La Colombie est devenue le premier pays des Amériques où des cas de mutilations génitales féminines (MGF) ont été signalés à adopter une législation interdisant spécifiquement cette pratique, après l'approbation par le Congrès du projet de loi « Filles sans mutilations génitales féminines » (Niñas sin Mutilación Genital Femenina). Plan International salue l'adoption du projet de loi 440, qu'elle considère comme une avancée historique pour les droits des filles en Colombie. La loi doit désormais recevoir l'approbation présidentielle avant d'entrer en vigueur.
« Les filles en Colombie ont le droit de grandir à l’abri de la violence et des pratiques qui nuisent à leur corps et à leur avenir. Cette approbation envoie un message clair de la part de l’État colombien et de toutes les personnes qui ont œuvré aux côtés des communautés pour parvenir à ce résultat. Avec la loi de l’année dernière qui a mis fin au mariage des enfants, nous assistons à un progrès réel et durement acquis pour les droits des filles dans ce pays. », a déclaré Ángela Anzola, présidente de Plan International en Colombie.
Les MGF constituent une forme grave de violence sexiste qui porte atteinte aux droits des filles à la santé, à l’intégrité physique et à la dignité. À l’échelle mondiale, 230 millions de filles et de femmes ont été victimes de cette pratique. En Colombie, le suivi mené par des députées et des institutions nationales a permis d'identifier plus de 100 cas depuis 2023, mettant en évidence la nécessité de mettre en place des mesures de prévention et de protection urgentes.
Entre janvier 2024 et mars 2026, 98 cas de filles victimes de MGF ont été enregistrés en Colombie, selon le Sistema Integrado de Información sobre Violencias de Género (SIVIGE).

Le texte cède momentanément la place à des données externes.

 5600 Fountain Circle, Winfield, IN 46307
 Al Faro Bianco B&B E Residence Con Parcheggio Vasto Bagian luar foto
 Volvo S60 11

Plus de la moitié de ces cas, soit 56 %, concernaient des filles de moins de cinq ans.² Seuls 14 des 32 départements colombiens ont signalé des cas au cours de cette période, ce qui indique une sous-déclaration importante à l’échelle nationale.
Mesures de prévention, de lutte et d'élimination
En Colombie, les MGF sont liées à des facteurs sociaux plus larges, notamment des normes de genre néfastes et des obstacles à une éducation sexuelle complète. Pour les éradiquer, il faut adopter une approche respectueuse, sensible aux différents contextes et ancrée dans les droits humains. Bien que cette pratique ait principalement été documentée au sein de certaines communautés Emberá, il est important de noter que toutes les communautés Emberá ne la pratiquent pas, et que beaucoup s’en sont éloignées grâce à des processus de réflexion interculturelle et de changement mené par la communauté.
Le projet de loi approuvé adopte une approche non punitive. Plutôt que de criminaliser les familles ou les communautés, il vise à les impliquer en tant que partenaires du changement, en définissant des mesures explicites pour prévenir, traiter et éradiquer les MGF sur l'ensemble du territoire. Il établit une politique publique permanente de prévention et de prise en charge, renforce le système de santé national par le biais d'un suivi et d'un contrôle, et met en place un protocole de prise en charge pour les filles et les femmes concernées. Il prévoit également des campagnes de sensibilisation intégrant les perspectives de l'égalité des genres, de l'interculturalisme et des droits humains.
Le rôle de Plan International
Plan International a soutenu le projet de loi par le biais de forums, notamment des petits-déjeuners de travail avec des sénateur·rice·s et leurs équipes en Colombie, afin de sensibiliser les participant·e·s et de leur fournir des conseils conceptuels et techniques pour éliminer cette pratique néfaste. En collaboration avec d’autres organisations, Plan International a financé la logistique nécessaire à la participation des femmes leaders de la Gran Nación Emberá aux forums de consultation du Sénat, garantissant ainsi que leurs voix aient influencé le projet de loi.
Plan International travaille depuis de nombreuses années avec les familles, les communautés et d’autres organisations en Colombie pour mettre fin aux violations des droits des enfants. L’adoption de ce projet de loi constitue une avancée importante, mais des actions continues seront nécessaires pour remettre en cause les normes de genre néfastes et garantir un changement durable.